Adapun, gugatan perdata, sembilan memiliki ketetapan hukum atau inkracht dengan nilai Rp3,15 triliun dan dalam proses eksekusi. Hingga kini, pembayaran denda baru Rp78 miliar oleh PT Bumi Mekar Hijau.
Pada 2015, ada banyak perusahaan kena sanksi administrasi karena area mereka terbakar. Sayangnya, pemerintah tak transparan kepada publik mengenai upaya yang sudah dilakukan perusahaan dalam memperbaiki diri . Pada 2019, areal perusahaan terbakar kembali dan mengulang hal sama dengan penyegelan.
”Ini seperti mengulang hal sama, seolah lupa. Perlu evaluasi, apakah cukup upaya penyegelan dan gugatan perdata?” kata Syahrul.

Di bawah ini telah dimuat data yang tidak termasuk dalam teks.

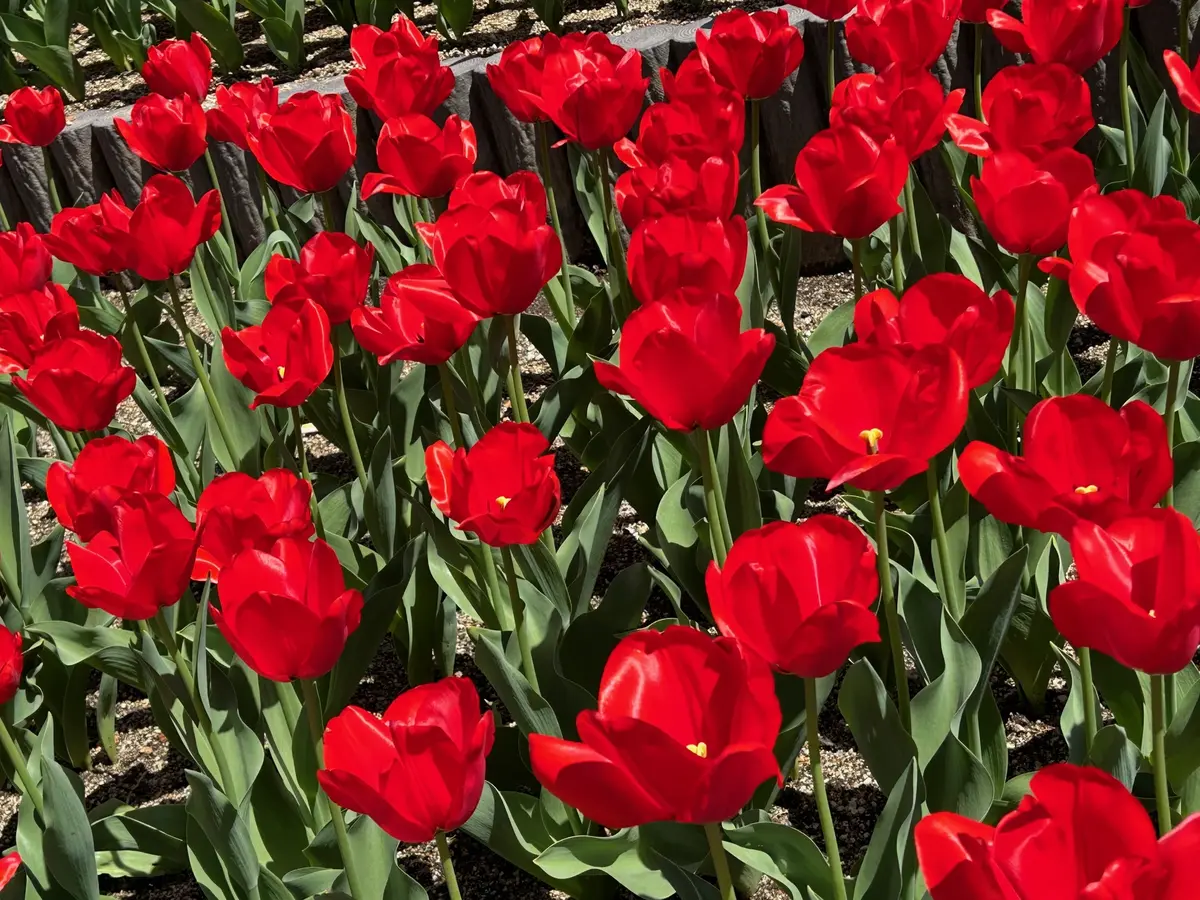 京都府立植物園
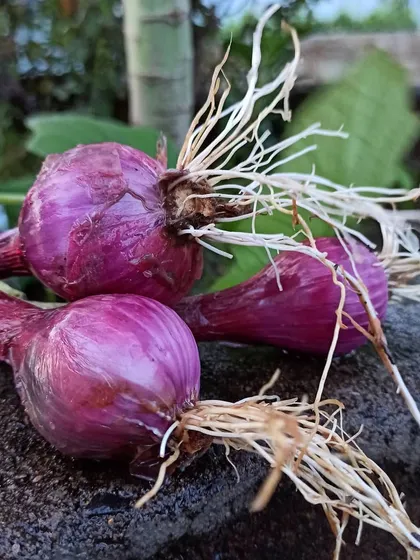 I planted one onion bulb and it multiplied into three. These are spring onions I had to harvest because of the heavy rains.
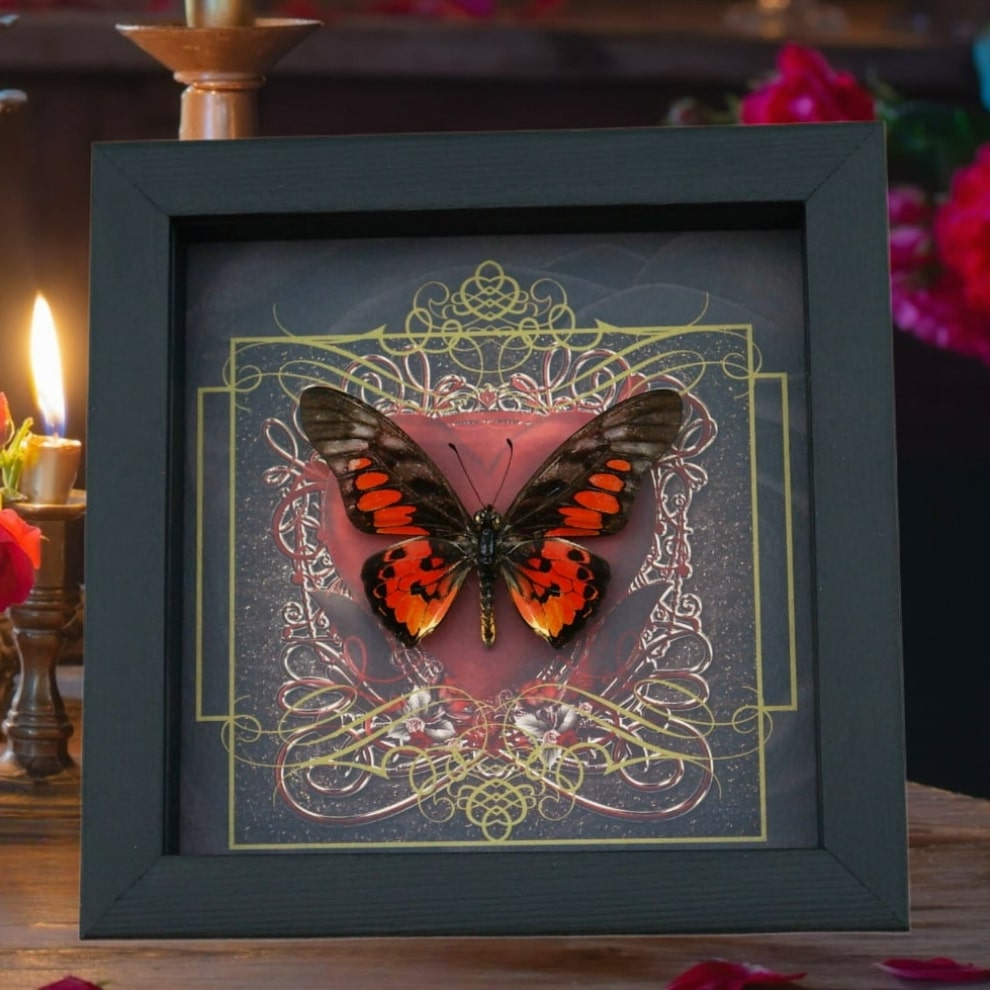 Real Red Heart Butterfly Graphium rydleyanus Framed Taxidermy Display Real Red Heart Butterfly Graphium rydleyanus Framed Taxidermy Display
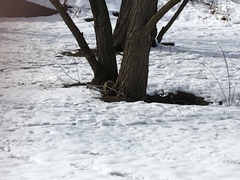 Marmota monax
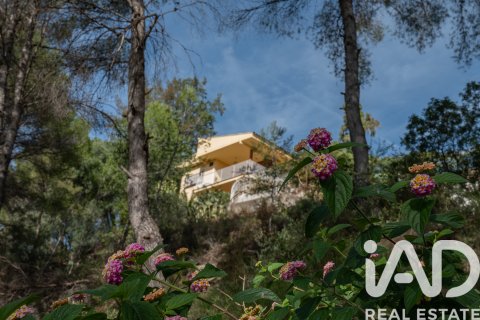 Apartament w Almassora, Castellon, Hiszpania 5 sypialni, 457 mkw. nr 152841 – zdjęcie 3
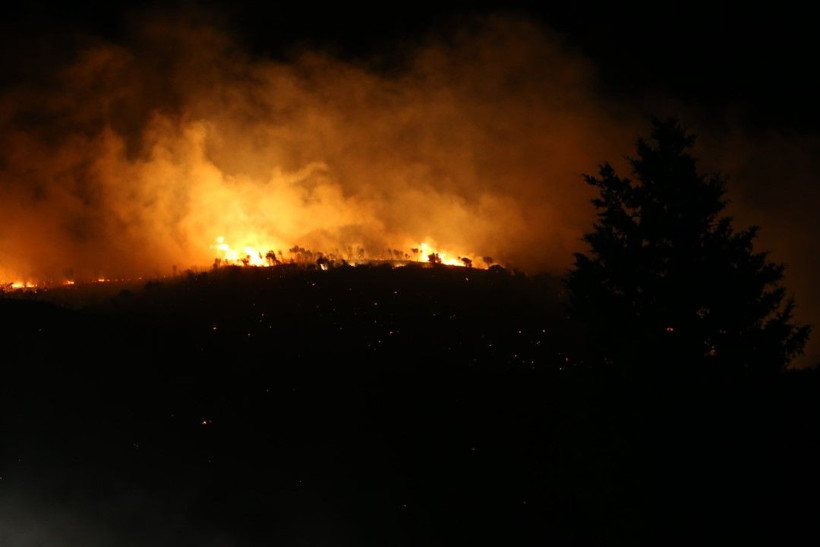 Bursa'daki orman yangını saatler sonra kontrol altına alındı - Resim: 17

Hingga kini, katanya, putusan pengadilan atas gugatan pemerintah pun, banyak belum eksekusi.
Menurut Syahrul, gugatan perdata oleh pemerintah masih belum efektif dan tak memberikan efek jera karena tanpa eksekusi itu seperti hukuman semu.
Tujuan penegakan hukum, seperti gugatan perdata, untuk mengembalikan hak yang sudah hilang agar ada pemulihan kembali.”Kalau sekadar efek jera, dengan pencabutan izin, itu sudah jera. Itu lebih signifikan.” Kini, keduanya, efek jera maupun pemulihan, tak terlihat.
Sebenarnya, kata Syahrul, baik pendekatan pidana, maupun perdata, pemerintah harus jelas dalam mengikuti aset perusahaan yang bersengketa. Dia menilai, hingga kini, pemerintah belum jelas dalam memetakan beneficial ownership dari perusahaan hingga mengalami kesulitan memberikan efek jera.
”Dalam penegakan hukum, seharusnya induk perusahaan harus dikejar. Upaya penegakan hukum baru bisa meghasilkan jika men-tracing asset. Perampasan aset yang direncanakan pemerintah jadi sia-sia jika tidak melakukan itu.”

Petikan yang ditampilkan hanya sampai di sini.